“Let’s wait a minute first,” said Bob cautiously.
It was good advice, and we did wait I suppose quite a minute, but to us it seemed more than five, and considering now that it was quite safe, I jumped up and we went back to the ridge, looking eagerly towards the place where the stone hung over the Gap, but it was hidden from us by the great blocks we had run round, or else probably we might have seen what we smelt—the thin blue stream of smoke that curled up from beneath the great block.

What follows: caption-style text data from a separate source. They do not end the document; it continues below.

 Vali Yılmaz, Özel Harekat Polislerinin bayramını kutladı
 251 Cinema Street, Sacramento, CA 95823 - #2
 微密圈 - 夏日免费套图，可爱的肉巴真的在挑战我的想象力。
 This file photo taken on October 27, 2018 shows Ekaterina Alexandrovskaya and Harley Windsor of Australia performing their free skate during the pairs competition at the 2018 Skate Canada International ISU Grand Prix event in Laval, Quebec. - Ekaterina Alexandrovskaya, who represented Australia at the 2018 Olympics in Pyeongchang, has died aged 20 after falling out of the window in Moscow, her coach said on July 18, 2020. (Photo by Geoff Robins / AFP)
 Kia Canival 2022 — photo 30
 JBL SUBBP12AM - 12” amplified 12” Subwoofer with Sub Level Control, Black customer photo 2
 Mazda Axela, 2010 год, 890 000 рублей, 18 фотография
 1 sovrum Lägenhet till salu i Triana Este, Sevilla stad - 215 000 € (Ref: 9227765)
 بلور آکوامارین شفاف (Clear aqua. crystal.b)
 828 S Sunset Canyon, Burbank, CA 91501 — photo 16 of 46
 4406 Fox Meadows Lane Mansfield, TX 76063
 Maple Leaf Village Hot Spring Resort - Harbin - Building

As it was, our noses and not our eyes saved us, for I being in front, and just about to pass on to the open edge of the Gap, stopped suddenly and said:
“I can smell burning. Can’t you?”
“I can smell the tinder,” said Bob. “Go on and—”
He did not finish his speech, for the earth shook beneath our feet, and we saw a flash and a great puff of smoke, and quite a hurricane of bits of slate and stone and earth came flying by our ears, turning us into statues for the moment. Then I bounded forward, followed by my companions, to stand beneath a broad canopy of smoke that floated inland, and just in time to see the great stone go rumbling and bounding down the precipitous place like a pebble, gathering force moment by moment, till it seemed to glance from a stone and make one tremendous leap of quite a couple of hundred feet right into a clump of rugged masses of rock half-way down the precipice, and these it scattered and drove before it in one great avalanche of débris down and down and down till the bottom was reached, and what had increased into quite a little landslip settled into its new home with a sullen roar.